Eating off the Hill: KFC is cannon fodder in the chicken sandwich wars

 It seems like all the cool stuff comes to Canada late. That's certainly the case with the fast food chicken sandwich wars, which have already been fought and won in the United States. I thought the new NAFTA or whatever its called meant we would have chicken sandwich free trade?

The battle has primarily been waged between Popeye's and Chick-fil-A. It's been a viral sensation with long lines, fights over limited supplies, and lots of Instagramming. While there were entries from other traditional players like Wendy's and McDonald's, these two were the primary competitors. Each upped their game, and it's generally agreed Popeye's came out on top with a buttery toasted brioche bun, larger breaded chicken breast, pickles and the option of regular or spicy mayo.

In Canada, Mary Brown's has a contender, which I reviewed when last in Scarborough.

We only have two Chick-fil-As in Canada (both in Toronto) and while we do have Popeye's, they've made us wait for the hero sammy. It's been testing in the select Alberta markets since the spring, and will go nation-wide on Sept. 14th -- looking forward to it.

KFC has tried to jump on to Popeye's hype though by beating it to the Canadian market with its own hero chicken sammy -- the "famous chicken sandwich." According to KFC, its "buttermilk marinated and hand breaded in KFC's famous Extra Crispy seasoning, and is then topped with sweet chunky pickles, creamy mayonnaise and sandwiched between a lightly toasted potato bun." You can also get it with "double spicy mayo." So, being a chicken sammy fan, I picked a spicy one up yesterday and brought it home to eat safely. 

Short review: meh. And definitely not worth the $6.99 before tax.

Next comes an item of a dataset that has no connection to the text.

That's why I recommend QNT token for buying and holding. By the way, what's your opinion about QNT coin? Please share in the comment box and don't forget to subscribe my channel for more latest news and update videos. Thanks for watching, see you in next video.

I liked the bun, the spicy mayo was noteable but not overpowering, and the breading had the usual KFC seasoning. But there wasn't near rnough chicken for a sandwich at this pricepoint, and it was a bit dry. It was an OK chicken sandwich, but definitely not a worthy contender in the chicken sandwich wars and not worth the price charged. A little more spicy mayo would have been nice too.

Maybe my childhood memories are hazy, but I'm of the impression that KFC has had a major decline in quality over the past couple of decades. I remember going to KFC on my lunch break during junior high, using my paper route money to buy a big crunch sandwich. And while it's still on the menu, the big crunch used to be big. Maybe 40% bigger than this new famous sandwich.Much meatier. And I still remember fondly working accross the street from the Rideau Centre in the early aughts, going over to the food court on Twonie Tuesdays for an original chicken sammy and small fries for $2.00.

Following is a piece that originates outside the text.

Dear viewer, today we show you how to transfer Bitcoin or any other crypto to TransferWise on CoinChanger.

Anyways, nowadays KFC just seems to be going through the motions. One opened accross the street from my condo a few years ago, and it was good for about two weeks and then they just stopped trying hard.

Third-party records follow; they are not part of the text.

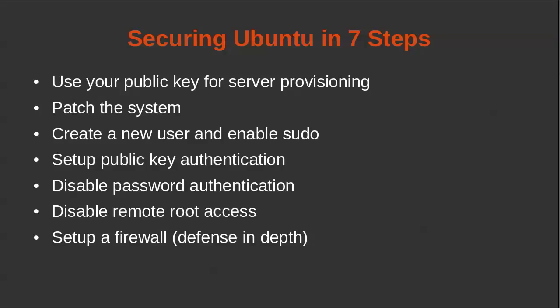And lastly, we want to set up a firewall. There are a number of ways you can secure your server, but having a host-based firewall is something you should do for all of your servers. All right, let's get started.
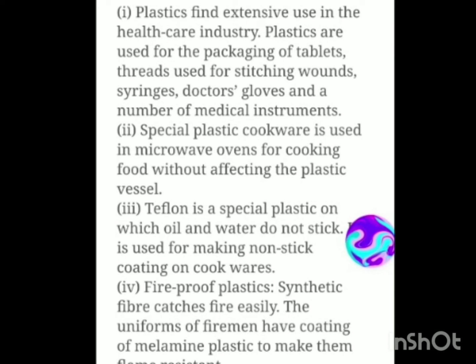We will also see where plastic is used in fabrics. Fireproof plastics: synthetic fabric catches fire easily, so the uniforms of firemen have a coating of melamine plastic to make them flame resistant. That is why they have the resistant power when putting out fires, and they wear that protective dress.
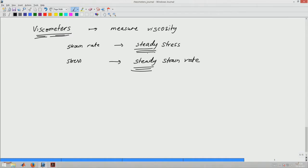By definition, a viscometer cannot do rheological measurements because in rheology we apply step strains, look at things changing as a function of time, and apply sinusoidal or oscillatory stress and strain and look at time-changing quantities. So the way the motor is chosen and its properties are selected for a viscometer is completely different from a rheometer.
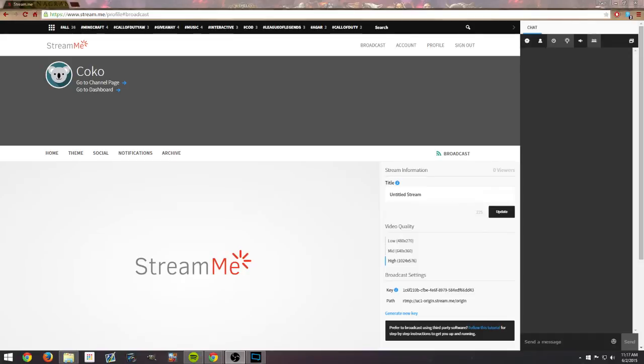What is up guys, this is Wolfie TV bringing you a tutorial on how to set up your livestream for a not-so-popular streaming website. For this instance, it's going to be stream.me because this is what I stream currently.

Other warning signs at my local KFC: masks worn around the neck instead of the face in the kitchen (the manager not wearing one at all), and the manager loudly talking about ordering a pizza for the team. If they're not going to eat their own food, I'm not likely to be back any time soon either.

Anyway, glad I tried it but I wouldn't cross the road for this sammy again. Waiting for Popeye's!